O oriente vem buscando a integração, respeitando as especificidades locais, e essa integração é construtora dos laços que promovem o ganho de todos, pela proximidade que as vias de diversas ordens, digitais, aéreas, marítimas e terrestres, favorecem para trocas e colaborações. Os exemplos estão na Iniciativa do Cinturão e Rota (Nova Rota da Seda), envolvendo 147 países (quase a totalidade da ONU); na Organização para Cooperação de Xangai (OCX), com nove membros, nove parceiros de diálogo, três observadores e três organizações e um país convidados; na Conferência sobre Medidas de Interação e Construção de Confiança na Ásia (CMICCA), fórum intergovernamental, para melhorar a cooperação no sentido de promover a paz, segurança e estabilidade na Ásia, com 27 estados-membros, oito estados observadores e 19 estados não membros participantes, além de cinco organizações observadoras; e na Cooperação Econômica Ásia-Pacífico (CEAP), 21 países-membros localizados no Círculo do Pacífico, para promover o livre-comércio e a cooperação econômica em toda a região da Ásia-Pacífico, criada em 1989 como forma de responder ao individualismo ou à submissão ao mais forte, consequência do neoliberalismo entre as nações.
A imprensa ocidental busca combater a emergência oriental, representada pelo protagonismo chinês.
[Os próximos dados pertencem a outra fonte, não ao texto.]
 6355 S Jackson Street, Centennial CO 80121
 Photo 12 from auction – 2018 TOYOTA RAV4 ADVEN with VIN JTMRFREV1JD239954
Não acompanha a mudança de foco que o 20º Congresso Nacional do Partido Comunista da China, realizado em Pequim, entre 16 e 22 de outubro de 2022, com mais de 2.300 delegados, representando quase 100 milhões de membros, aprovou.
Isso foi brilhantemente sintetizado pelo think tank MacroPolo: “Nanômetros no lugar do PIB”. Ou seja, a China passa a crescer pelo domínio e desenvolvimento tecnológico, ao invés do manipulável e civilizacionalmente irrelevante produto interno bruto.
Pedro Augusto Pinho é administrador aposentado e atual presidente da Aepet (Associação dos Engenheiros da Petrobrás).